Rest in peace beautiful fierce courageous Rose.  We shall miss you.

 Rosie returns from a break on Monday and gives the window a stare as Bobby slowly leaves the three eggs.  

At dusk Bobby returned with a rat for Rosie.  She got off the bowl and left again leaving the rat behind.  

And Red-tail expert John Blakeman answers some questions in an article in Monday's Philadelphia Inquirer-


All appears to be going well at the Franklin Institute nest of Mom and T2 also.  They also now have three eggs.

The number of eggs in a season ordinarily depends on the prey depth and the hawks ability to avail themselves of that prey.   The deeper the prey depth, and the better the hunter,  the higher the number of eggs.   

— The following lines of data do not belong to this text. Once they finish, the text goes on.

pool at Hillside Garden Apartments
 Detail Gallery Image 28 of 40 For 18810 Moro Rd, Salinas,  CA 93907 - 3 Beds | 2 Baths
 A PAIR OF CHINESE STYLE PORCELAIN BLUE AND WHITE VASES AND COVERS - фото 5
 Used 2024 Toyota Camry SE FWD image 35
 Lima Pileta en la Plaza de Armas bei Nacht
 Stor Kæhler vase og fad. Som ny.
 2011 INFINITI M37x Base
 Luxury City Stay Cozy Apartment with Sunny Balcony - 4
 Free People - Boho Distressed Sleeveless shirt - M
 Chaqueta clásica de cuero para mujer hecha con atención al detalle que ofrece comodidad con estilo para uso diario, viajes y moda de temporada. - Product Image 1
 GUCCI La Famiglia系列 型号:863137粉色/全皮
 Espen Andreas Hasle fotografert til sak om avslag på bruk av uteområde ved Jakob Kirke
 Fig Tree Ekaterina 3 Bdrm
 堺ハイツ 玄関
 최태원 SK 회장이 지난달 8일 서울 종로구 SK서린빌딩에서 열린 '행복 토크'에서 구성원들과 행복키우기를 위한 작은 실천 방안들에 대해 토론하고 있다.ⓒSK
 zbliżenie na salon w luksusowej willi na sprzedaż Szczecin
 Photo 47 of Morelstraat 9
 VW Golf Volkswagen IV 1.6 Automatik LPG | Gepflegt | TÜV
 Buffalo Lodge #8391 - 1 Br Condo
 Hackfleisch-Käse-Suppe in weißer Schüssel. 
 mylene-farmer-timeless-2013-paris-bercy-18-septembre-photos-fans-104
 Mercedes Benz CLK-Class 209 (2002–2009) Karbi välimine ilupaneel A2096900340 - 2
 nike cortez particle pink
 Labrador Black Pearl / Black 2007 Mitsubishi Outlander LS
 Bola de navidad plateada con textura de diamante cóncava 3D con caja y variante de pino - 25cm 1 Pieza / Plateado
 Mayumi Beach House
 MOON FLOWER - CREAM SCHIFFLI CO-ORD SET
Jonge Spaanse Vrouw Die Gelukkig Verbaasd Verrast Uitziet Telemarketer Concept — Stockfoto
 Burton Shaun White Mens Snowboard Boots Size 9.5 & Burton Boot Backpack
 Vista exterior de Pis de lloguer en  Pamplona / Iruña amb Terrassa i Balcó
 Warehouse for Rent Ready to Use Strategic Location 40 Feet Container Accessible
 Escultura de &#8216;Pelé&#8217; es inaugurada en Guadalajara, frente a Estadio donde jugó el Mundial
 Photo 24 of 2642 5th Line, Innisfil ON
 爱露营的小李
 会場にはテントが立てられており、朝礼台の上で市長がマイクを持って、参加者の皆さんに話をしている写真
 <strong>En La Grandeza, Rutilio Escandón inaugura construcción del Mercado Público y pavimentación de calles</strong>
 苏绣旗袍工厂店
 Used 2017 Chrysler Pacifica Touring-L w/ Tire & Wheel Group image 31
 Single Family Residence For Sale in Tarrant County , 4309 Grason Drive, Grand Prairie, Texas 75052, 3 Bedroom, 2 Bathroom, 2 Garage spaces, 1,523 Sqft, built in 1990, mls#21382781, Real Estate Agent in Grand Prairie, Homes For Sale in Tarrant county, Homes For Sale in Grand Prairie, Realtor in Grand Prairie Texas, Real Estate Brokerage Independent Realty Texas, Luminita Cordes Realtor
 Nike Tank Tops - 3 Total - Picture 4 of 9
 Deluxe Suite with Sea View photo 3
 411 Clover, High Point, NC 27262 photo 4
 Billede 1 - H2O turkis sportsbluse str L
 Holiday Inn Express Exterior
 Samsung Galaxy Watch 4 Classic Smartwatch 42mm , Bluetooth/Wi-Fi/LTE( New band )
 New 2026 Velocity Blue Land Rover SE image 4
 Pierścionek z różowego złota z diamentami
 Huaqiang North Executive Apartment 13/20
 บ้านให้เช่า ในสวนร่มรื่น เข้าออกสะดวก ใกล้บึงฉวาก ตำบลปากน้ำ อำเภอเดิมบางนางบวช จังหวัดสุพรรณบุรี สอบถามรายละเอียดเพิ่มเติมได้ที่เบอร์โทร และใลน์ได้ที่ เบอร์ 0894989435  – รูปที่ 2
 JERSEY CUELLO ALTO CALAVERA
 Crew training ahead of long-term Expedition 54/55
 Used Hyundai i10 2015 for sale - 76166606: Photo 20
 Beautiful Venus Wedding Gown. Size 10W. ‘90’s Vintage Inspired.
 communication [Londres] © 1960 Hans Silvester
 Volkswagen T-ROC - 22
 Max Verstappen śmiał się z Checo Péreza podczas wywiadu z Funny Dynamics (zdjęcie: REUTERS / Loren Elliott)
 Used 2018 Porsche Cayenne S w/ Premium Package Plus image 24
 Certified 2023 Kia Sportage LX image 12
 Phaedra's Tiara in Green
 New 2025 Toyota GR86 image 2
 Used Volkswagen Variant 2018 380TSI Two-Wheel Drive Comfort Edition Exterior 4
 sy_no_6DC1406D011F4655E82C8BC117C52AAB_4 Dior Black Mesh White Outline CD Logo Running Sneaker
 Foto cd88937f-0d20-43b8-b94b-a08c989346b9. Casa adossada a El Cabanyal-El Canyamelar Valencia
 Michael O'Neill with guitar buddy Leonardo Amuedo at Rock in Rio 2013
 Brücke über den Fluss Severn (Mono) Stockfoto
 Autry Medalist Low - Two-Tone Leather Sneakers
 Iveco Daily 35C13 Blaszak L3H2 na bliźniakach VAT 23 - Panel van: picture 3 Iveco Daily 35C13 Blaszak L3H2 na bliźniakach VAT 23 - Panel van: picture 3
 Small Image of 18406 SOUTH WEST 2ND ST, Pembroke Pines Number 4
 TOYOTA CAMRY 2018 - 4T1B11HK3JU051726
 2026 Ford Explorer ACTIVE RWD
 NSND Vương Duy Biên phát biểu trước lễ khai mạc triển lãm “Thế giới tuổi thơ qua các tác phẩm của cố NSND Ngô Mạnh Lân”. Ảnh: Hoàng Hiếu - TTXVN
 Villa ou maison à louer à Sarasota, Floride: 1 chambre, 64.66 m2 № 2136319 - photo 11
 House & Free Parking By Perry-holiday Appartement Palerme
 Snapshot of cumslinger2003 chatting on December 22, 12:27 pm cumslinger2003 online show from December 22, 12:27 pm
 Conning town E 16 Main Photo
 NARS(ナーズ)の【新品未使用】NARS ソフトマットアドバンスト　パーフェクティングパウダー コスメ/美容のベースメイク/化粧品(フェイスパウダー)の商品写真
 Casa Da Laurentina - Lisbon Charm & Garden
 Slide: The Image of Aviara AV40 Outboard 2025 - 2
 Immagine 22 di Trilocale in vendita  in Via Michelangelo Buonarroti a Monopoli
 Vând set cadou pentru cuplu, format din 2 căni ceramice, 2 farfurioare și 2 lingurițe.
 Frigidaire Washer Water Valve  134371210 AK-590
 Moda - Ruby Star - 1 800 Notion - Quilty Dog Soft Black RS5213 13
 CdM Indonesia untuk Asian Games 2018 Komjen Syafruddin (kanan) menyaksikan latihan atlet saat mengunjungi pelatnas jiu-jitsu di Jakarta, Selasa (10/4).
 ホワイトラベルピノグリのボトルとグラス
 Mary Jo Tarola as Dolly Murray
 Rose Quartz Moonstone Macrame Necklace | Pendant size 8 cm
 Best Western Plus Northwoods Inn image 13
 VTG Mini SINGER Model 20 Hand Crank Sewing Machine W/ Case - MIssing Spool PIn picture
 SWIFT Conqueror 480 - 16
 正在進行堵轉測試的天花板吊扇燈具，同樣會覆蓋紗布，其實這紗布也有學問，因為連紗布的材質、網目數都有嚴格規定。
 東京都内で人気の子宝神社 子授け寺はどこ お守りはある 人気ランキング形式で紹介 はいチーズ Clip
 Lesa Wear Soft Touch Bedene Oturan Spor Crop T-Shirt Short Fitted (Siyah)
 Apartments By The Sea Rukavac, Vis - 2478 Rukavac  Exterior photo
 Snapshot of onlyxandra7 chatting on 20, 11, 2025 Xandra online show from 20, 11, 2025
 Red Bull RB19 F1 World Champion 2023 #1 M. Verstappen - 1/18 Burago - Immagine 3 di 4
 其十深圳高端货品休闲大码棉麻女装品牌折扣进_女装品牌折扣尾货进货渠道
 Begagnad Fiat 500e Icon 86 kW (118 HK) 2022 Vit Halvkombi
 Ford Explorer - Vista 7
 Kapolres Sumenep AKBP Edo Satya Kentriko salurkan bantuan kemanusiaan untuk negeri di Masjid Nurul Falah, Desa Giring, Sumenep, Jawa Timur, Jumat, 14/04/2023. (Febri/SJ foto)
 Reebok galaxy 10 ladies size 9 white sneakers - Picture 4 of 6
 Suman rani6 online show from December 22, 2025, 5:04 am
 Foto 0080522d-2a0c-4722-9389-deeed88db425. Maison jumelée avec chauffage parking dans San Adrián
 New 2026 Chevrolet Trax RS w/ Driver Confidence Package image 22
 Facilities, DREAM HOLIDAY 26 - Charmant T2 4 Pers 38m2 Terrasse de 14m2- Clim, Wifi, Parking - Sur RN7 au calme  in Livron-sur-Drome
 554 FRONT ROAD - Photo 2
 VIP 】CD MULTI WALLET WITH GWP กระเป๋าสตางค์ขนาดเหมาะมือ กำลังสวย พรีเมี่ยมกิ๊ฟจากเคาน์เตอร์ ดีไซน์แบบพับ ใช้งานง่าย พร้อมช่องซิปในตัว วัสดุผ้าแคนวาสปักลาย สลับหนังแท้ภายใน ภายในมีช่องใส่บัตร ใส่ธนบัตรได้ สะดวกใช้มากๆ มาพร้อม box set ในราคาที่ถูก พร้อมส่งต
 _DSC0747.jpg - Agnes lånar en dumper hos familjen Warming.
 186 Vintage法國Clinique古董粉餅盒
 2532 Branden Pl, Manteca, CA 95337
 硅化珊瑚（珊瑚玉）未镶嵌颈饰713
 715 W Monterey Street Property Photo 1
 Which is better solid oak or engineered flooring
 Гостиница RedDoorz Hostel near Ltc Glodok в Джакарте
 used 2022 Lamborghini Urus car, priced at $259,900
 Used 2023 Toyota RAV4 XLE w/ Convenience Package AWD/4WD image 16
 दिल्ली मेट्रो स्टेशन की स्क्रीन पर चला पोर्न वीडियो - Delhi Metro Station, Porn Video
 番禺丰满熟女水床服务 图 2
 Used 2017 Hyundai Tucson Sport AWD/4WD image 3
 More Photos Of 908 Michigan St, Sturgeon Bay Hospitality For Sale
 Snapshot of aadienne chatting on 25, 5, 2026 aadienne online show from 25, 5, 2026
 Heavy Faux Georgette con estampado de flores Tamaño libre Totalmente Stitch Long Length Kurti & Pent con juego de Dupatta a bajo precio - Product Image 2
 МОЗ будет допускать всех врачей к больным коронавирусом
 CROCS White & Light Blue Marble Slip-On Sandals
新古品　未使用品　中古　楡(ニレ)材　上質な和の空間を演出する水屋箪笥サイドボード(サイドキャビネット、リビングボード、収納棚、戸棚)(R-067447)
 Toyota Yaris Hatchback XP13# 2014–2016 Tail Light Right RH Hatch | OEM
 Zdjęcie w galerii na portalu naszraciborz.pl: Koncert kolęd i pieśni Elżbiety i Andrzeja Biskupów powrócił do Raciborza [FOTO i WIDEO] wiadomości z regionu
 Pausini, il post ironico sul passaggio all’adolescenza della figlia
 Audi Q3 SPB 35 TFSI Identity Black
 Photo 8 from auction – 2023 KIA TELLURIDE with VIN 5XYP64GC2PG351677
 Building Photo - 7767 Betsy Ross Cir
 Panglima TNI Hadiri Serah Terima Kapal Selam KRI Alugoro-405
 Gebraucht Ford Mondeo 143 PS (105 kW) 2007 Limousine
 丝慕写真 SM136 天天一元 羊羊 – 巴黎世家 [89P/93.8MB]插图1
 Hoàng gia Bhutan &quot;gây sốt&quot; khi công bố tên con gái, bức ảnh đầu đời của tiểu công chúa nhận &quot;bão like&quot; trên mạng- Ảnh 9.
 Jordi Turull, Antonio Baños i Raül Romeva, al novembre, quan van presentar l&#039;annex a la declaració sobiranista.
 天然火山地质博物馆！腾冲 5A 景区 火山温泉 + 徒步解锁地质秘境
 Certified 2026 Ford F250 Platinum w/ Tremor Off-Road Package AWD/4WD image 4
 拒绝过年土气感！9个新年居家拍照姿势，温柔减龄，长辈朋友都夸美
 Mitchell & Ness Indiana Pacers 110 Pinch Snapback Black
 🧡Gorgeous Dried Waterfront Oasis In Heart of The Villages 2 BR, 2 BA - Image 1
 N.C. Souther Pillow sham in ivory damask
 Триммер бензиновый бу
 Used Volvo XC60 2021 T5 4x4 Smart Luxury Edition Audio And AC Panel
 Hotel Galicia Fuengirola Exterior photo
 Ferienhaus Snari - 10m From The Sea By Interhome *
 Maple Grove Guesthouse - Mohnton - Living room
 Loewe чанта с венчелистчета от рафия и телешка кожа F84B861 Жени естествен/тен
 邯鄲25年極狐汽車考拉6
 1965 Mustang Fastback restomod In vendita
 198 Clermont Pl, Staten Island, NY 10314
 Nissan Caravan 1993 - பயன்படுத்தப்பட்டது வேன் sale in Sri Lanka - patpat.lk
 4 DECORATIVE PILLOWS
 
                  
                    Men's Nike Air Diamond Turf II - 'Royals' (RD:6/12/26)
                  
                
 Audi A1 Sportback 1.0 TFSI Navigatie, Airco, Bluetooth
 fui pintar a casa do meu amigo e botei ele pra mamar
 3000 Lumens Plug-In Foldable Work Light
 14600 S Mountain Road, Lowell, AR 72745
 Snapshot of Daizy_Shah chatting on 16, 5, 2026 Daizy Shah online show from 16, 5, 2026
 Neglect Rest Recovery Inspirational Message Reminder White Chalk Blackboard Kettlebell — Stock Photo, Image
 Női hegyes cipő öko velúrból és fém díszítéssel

Within reason of course.  They aren't ducks.

Al Olsen reports that the Fifth Avenue nest is progressing nicely.

Isolde as is usual this time of year, is keeping close in the nest behind St. Andrew's elbow at The Cathedral Church of St. John the Divine.
CPW Hawk
Photo courtesy of Rob Schmunk,

Rob Schmunk has some lovely photos and updates on the new nest of the Red-tailed Pair at Central Park West and 92nd Street.  Take a look.   http://morningsidehawks.blogspot.com/

Donegal Browne

1 comment:

sally said...

Farewell Rose! Sorry to read this and like you hoping that it was in the natural course of events rather than man-made. Thank you for the updates. I hope Vince takes a mate soon and continues the legacy.